*** Block opens ***

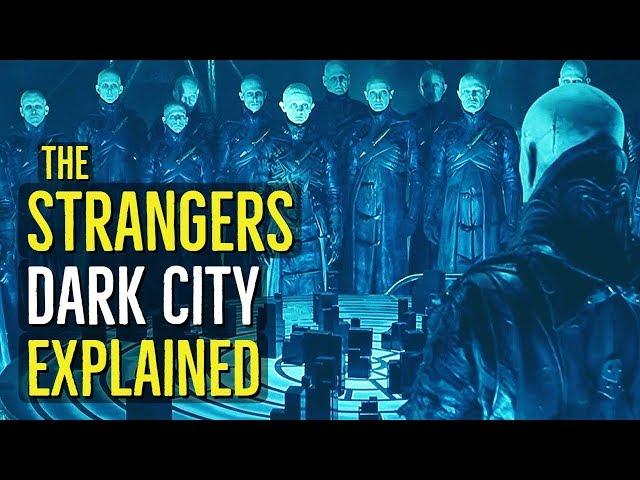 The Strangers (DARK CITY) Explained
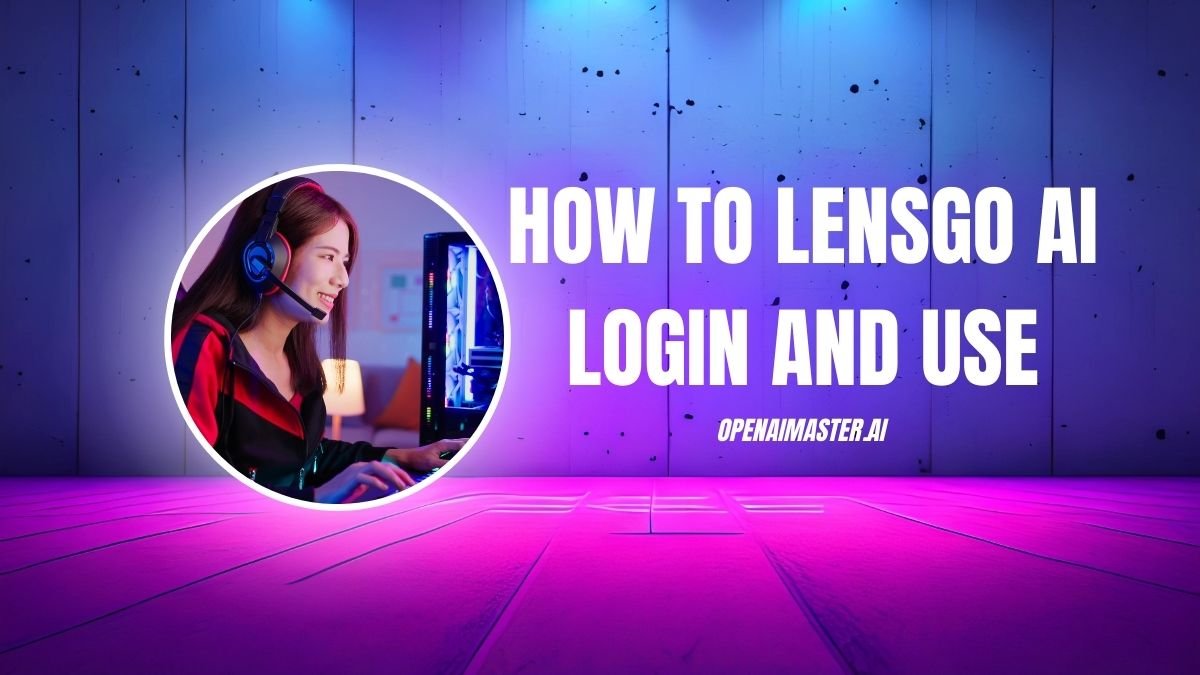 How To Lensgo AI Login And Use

*** Block closes ***
*** Block opens ***

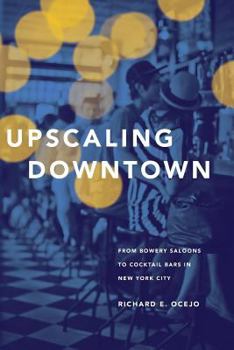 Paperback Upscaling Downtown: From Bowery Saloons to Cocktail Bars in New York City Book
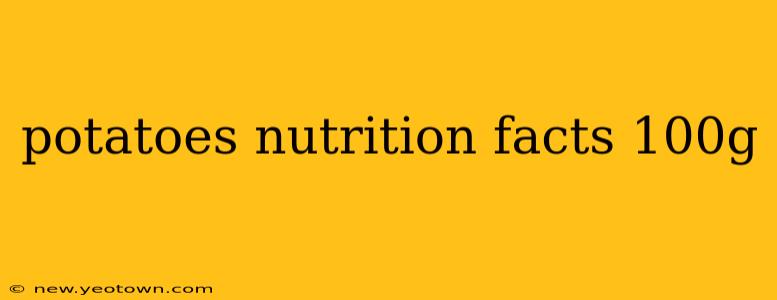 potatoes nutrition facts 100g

*** Block closes ***

EXERCISE DESCRIPTION
Take only the lines above from the one that has "The Strangers (DARK CITY) Explained" through the one that has "How To Lensgo AI Login And Use" and reproduce them exactly, omitting any pictures.

ANSWER BELOW
 The Strangers (DARK CITY) Explained
 How To Lensgo AI Login And Use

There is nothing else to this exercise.